Ensuite, contrairement à la France, l’enveloppe luxembourgeoise permet de bénéficier d’une position de créancier privilégié en cas de défaillance de la compagnie d’assurances. Les avoirs ne peuvent être bloqués et la protection du capital est illimitée. Dans l’Hexagone, depuis l’entrée en vigueur de la loi Sapin 2, les avoirs en assurance vie peuvent être soumis à un blocage de six mois (deux fois trois mois) et la protection du capital est limitée à 70.000 euros. «Un nombre croissant de familles souhaitent s’en protéger en souscrivant à un contrat d’assurance-vie luxembourgeois ou en déplaçant leur épargne en Suisse, parce qu’ils craignent de ne pas pouvoir retirer leurs capitaux en cas de gel des avoirs», constate Benjamin Sacchet. Un blocage qui n’a jamais été enclenché jusqu’à aujourd’hui.
2027 en ligne de mire
Les demandes de renseignements pour les délocalisations se sont amplifiées depuis le 9 juin, mais le début du phénomène date en réalité de 2022 et du déclenchement de la guerre en Ukraine. Le marché français est d’ailleurs devenu le premier marché pour l’assurance vie luxembourgeoise. Fin 2023, la collecte totale sur ces contrats s’élevait à 18,7 milliards d’euros et près de la moitié (47%) était issue de l’Hexagone. Et pour cette clientèle française d’ores et déjà positionnée au Grand-duché, l’heure est à la protection. «La situation pousse à se repositionner sur certains marchés et à opter pour une position d’attente sur d’autres. Le résultat des élections était finalement bien anticipé dans les sondages et nous avions réduit le risque en nous désengageant en partie des marchés actions français et européen pour nous repositionner sur le marché obligataire et les marchés actions américains», explique Bastien Baron, fondateur de Justae Gestion Privée.

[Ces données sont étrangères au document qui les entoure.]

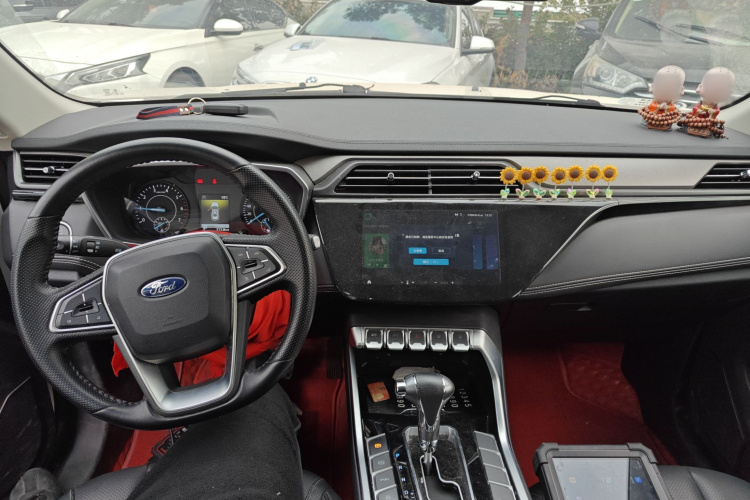 福特 2020款 领界S EcoBoost 145 CVT铂领型中控内饰12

Rien ne dit que, dans les semaines qui viennent, une hémorragie des capitaux ait lieu. Notamment parce que des dispositifs fiscaux applicable lors d’un départ de France rendent l’opération compliquée. Cependant, la dissolution de l’Assemblée nationale laissera des traces, car, aux dires de certains conseillers, «les plus fortunés ont déjà 2027 en ligne de mire et se préparent à un changement de politique fiscale en France depuis la dernière élection présidentielle». Un changement qui, vu l'état des finances publiques, risque d’arriver tôt ou tard dans les trois ans.